* TASK TO COMPLETE: Each record below gets repeated exactly, and pictures stay out of the copy.
Top of SUPPLIED INFORMATION
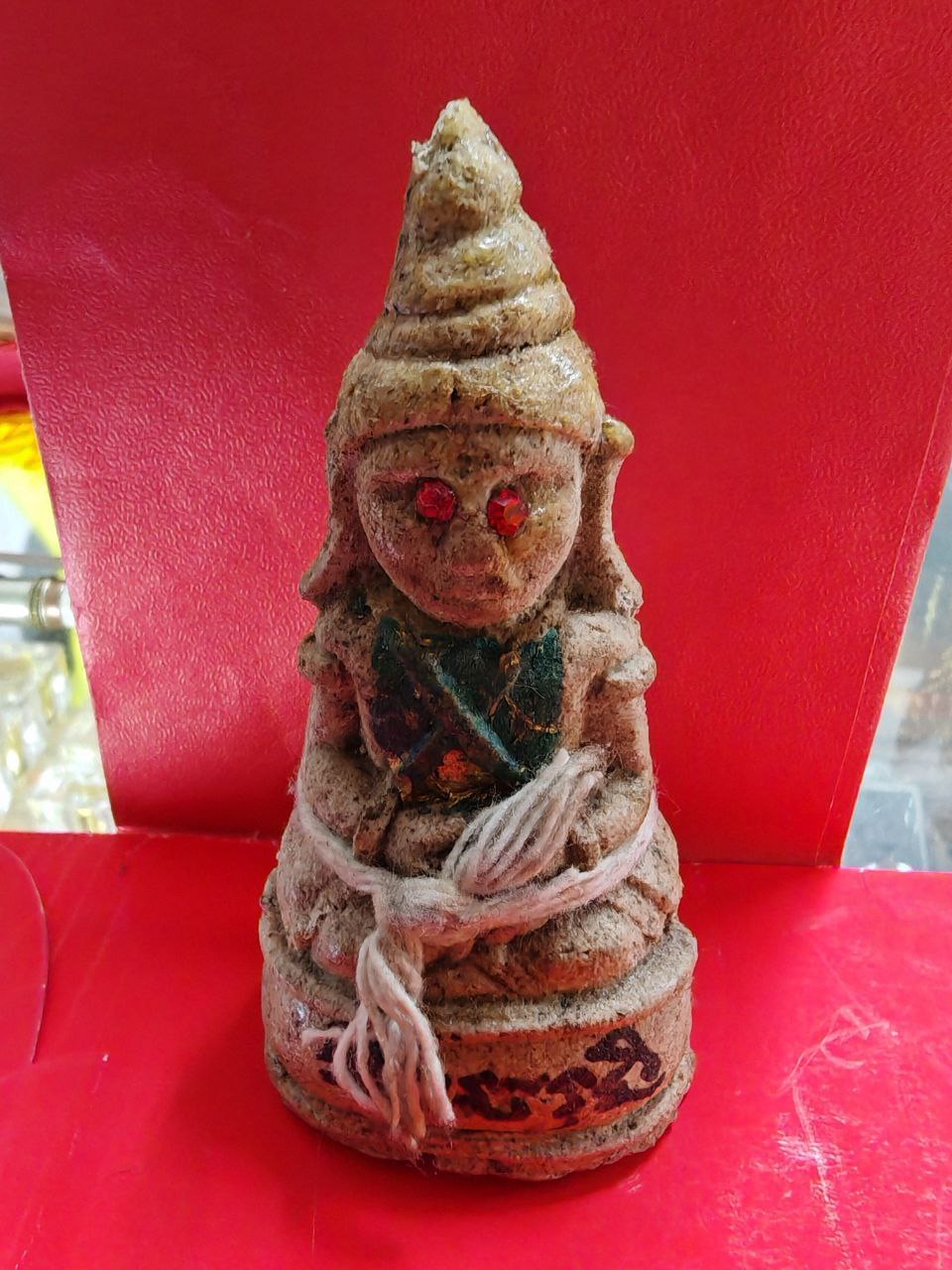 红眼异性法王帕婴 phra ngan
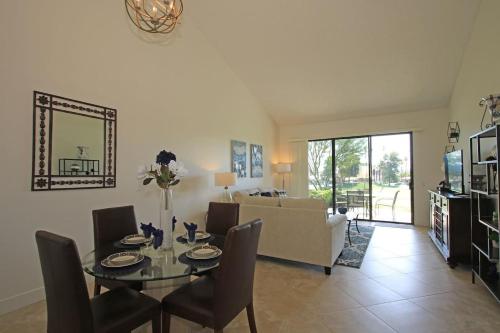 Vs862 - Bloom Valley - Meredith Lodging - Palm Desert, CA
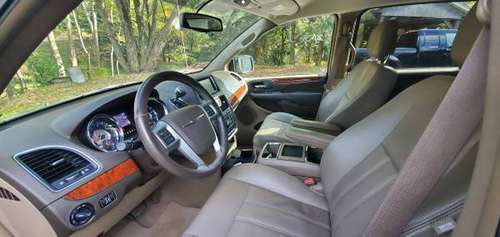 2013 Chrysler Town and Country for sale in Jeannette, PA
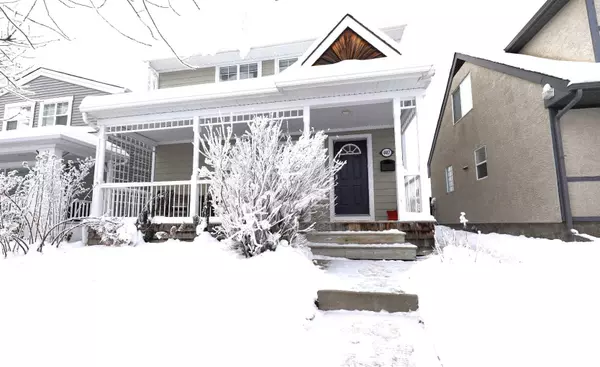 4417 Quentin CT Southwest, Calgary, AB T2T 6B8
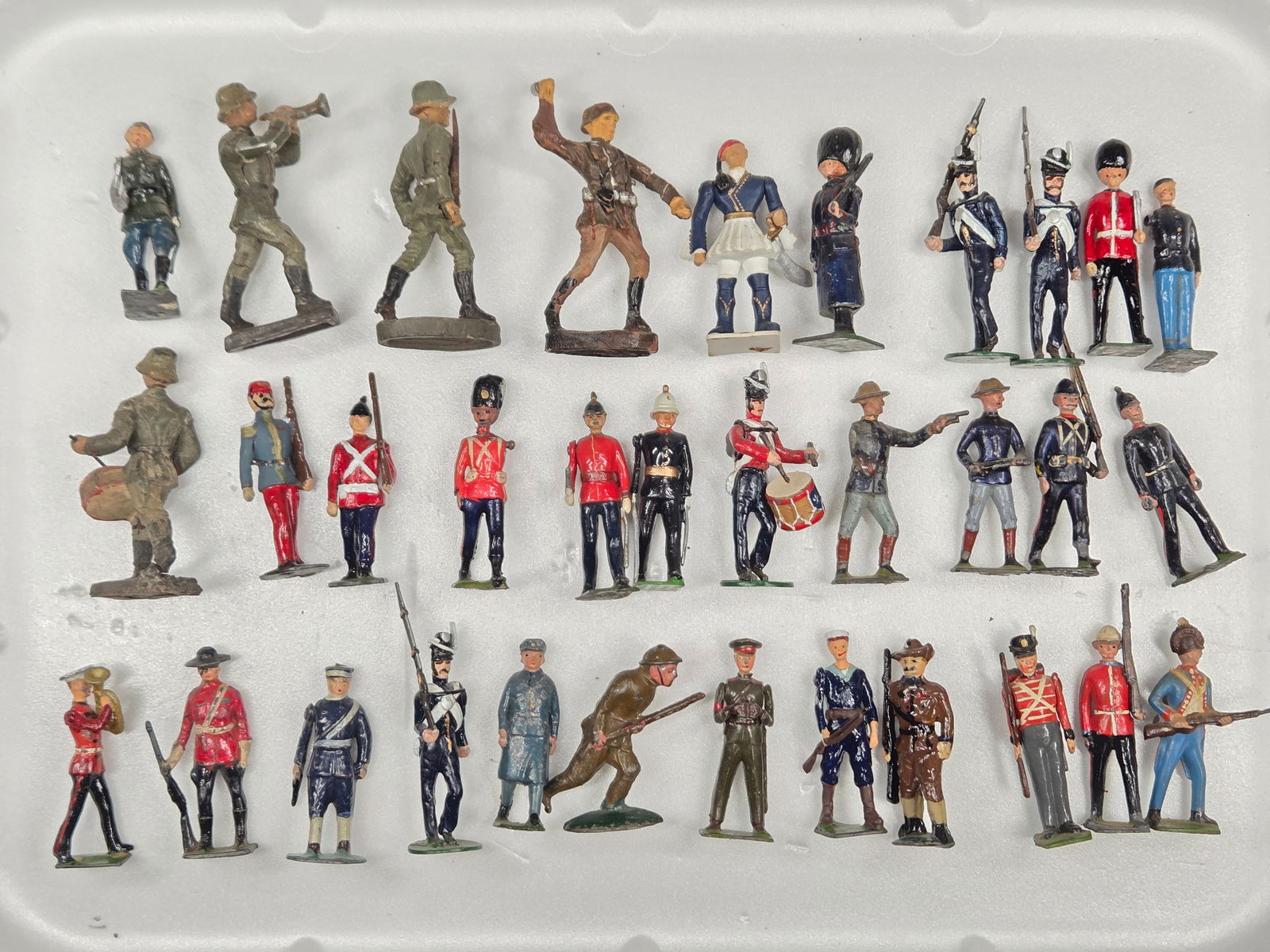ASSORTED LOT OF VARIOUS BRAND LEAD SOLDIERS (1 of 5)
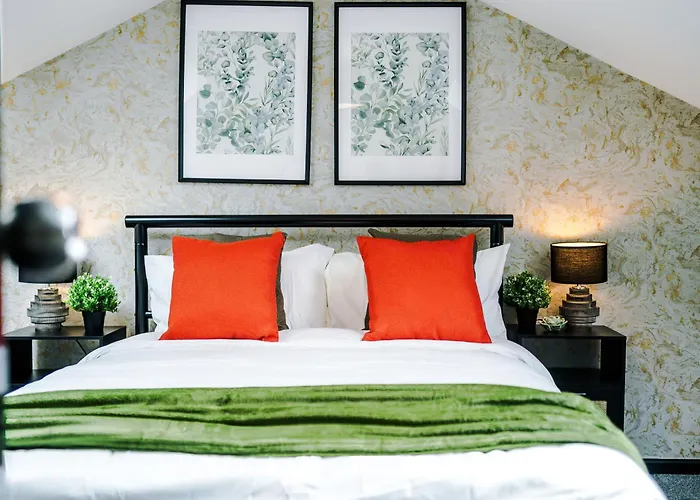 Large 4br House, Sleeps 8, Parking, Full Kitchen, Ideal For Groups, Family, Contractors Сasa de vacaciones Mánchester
Bottom of SUPPLIED INFORMATION
* YOUR RESPONSE:
 红眼异性法王帕婴 phra ngan
 Vs862 - Bloom Valley - Meredith Lodging - Palm Desert, CA
 2013 Chrysler Town and Country for sale in Jeannette, PA
 4417 Quentin CT Southwest, Calgary, AB T2T 6B8
ASSORTED LOT OF VARIOUS BRAND LEAD SOLDIERS (1 of 5)
 Large 4br House, Sleeps 8, Parking, Full Kitchen, Ideal For Groups, Family, Contractors Сasa de vacaciones Mánchester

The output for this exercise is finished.